Why this translation:

  • Python exception hierarchies → Scala sealed trait ADTs
  • Exceptions for control flow → Either/Try for expected errors
  • Pattern matching provides exhaustive error handling
  • Compiler ensures all error cases are handled
  • For-comprehensions elegantly chain error-producing operations

Serialization Patterns

Pydantic → Case Classes with Circe

Python (Pydantic):

from pydantic import BaseModel, Field, field_validator
from typing import Optional

class User(BaseModel):
    id: int
    name: str = Field(min_length=1, max_length=100)
    email: Optional[str] = None
    age: int = Field(ge=0, le=150)

    @field_validator('email')
    @classmethod
    def validate_email(cls, v):
        if v and '@' not in v:
            raise ValueError('Invalid email')
        return v

# Serialization
user = User(id=1, name="Alice", age=30)
json_str = user.model_dump_json()

# Deserialization with validation
user = User.model_validate_json(json_str)

Scala (Circe):

import io.circe._
import io.circe.generic.semiauto._
import io.circe.syntax._

// Case class definition
case class User(
  id: Int,
  name: String,
  email: Option[String],
  age: Int
)

// Validation separate from data structure
object User {
  def validate(user: User): Either[List[String], User] = {
    val errors = List.newBuilder[String]

    if (user.name.length < 1 || user.name.length > 100)
      errors += "name must be between 1 and 100 characters"

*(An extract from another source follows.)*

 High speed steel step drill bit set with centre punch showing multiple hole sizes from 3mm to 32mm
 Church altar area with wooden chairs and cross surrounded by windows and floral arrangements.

    if (user.age < 0 || user.age > 150)
      errors += "age must be between 0 and 150"

    user.email.foreach { email =>
      if (!email.contains('@'))
        errors += "invalid email"
    }

    val errorList = errors.result()
    if (errorList.isEmpty) Right(user)
    else Left(errorList)
  }
}

// Automatic codec derivation
implicit val userDecoder: Decoder[User] = deriveDecoder
implicit val userEncoder: Encoder[User] = deriveEncoder

// Serialization
val user = User(1, "Alice", None, 30)
val json: Json = user.asJson
val jsonString: String = json.noSpaces

// Deserialization
val decoded: Either[Error, User] = decode[User](jsonString)

// With validation
val validated: Either[List[String], User] = decoded.flatMap(User.validate)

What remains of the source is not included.